10. The gasket of claim 1, wherein the first material reduces or eliminates interfacial diffusion of gases selected from the group consisting of CO2, CO2 isotopes, O2, H2O Methane (CH4), N2O, and Isoprene.

11. A composite gasket for use in a gas exchange system, the gasket comprising:

a first gasket portion having an interior surface defining an interior region, and an exterior surface, the first gasket portion comprising a first material;

a second gasket portion affixed to the exterior surface of the first gasket portion, the second gasket portion comprising a second material,

wherein when the composite gasket is positioned between two surfaces, the interior region defines an internal volume between the two surfaces, wherein the first material creates a sorption barrier that reduces or eliminates sorption of H2O between the internal volume and the composite gasket, and wherein the second material reduces or eliminates interfacial diffusion of gases between the internal volume and the atmosphere external to the gasket.

12. The composite gasket of claim 11, wherein the first material is hydrophobic.

13. The composite gasket of claim 12, wherein the first material comprises a layer of poly(p-xylylene) polymer or fluoropolymer.

14. The composite gasket of claim 12, wherein the hydrophobic material comprises a solid or foamed elastomer.

15. The composite gasket of claim 14, wherein the elastomer is selected from the group consisting of polyethylene, Neoprene®, EPDM, SBR, Buna-N and vinyl.

16. The composite gasket of claim 11, wherein the second material comprises a solid or foamed elastomer.

17. The composite gasket of claim 16, wherein the elastomer is a urethane.

18. The composite gasket of claim 17, wherein the urethane is Sorbothane® or Fastplex® castable urethane.

19. The composite gasket of claim 11, wherein the first material comprises foamed polyethylene and wherein the second material comprises Sorbothane® or FastFlex® castable urethane.

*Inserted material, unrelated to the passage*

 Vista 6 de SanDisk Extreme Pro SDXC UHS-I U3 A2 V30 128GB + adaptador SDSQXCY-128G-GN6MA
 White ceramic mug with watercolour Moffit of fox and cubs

20. A gasket for use in a gas exchange system, the gasket comprising:

a base material defining a structure having an interior surface defining an interior region, and an exterior surface;

a second material affixed to or coating at least the interior surface of the gasket structure;

wherein when the gasket is positioned between two surfaces, the interior region defines an internal volume between the two surfaces, wherein the second material creates a sorption barrier that reduces or eliminates sorption of H2O between the internal volume and the gasket, and wherein the base material reduces or eliminates interfacial diffusion of gases between the internal volume and the atmosphere external to the gasket.

21. The gasket of claim 20, wherein the base material comprises a solid or foamed elastomer.

22. The gasket of claim 21, wherein the second material comprises polyethylene and wherein the base material comprises a urethane.

23. The gasket of claim 22, wherein the elastomer is Sorbothane® or FastFlex® castable urethane.

24. The gasket of claim 20, wherein the second material comprises a hydrophobic elastomer.

25. The gasket of claim 20, wherein the second material comprises a layer of poly(p-xylylene) polymer or fluoropolymer.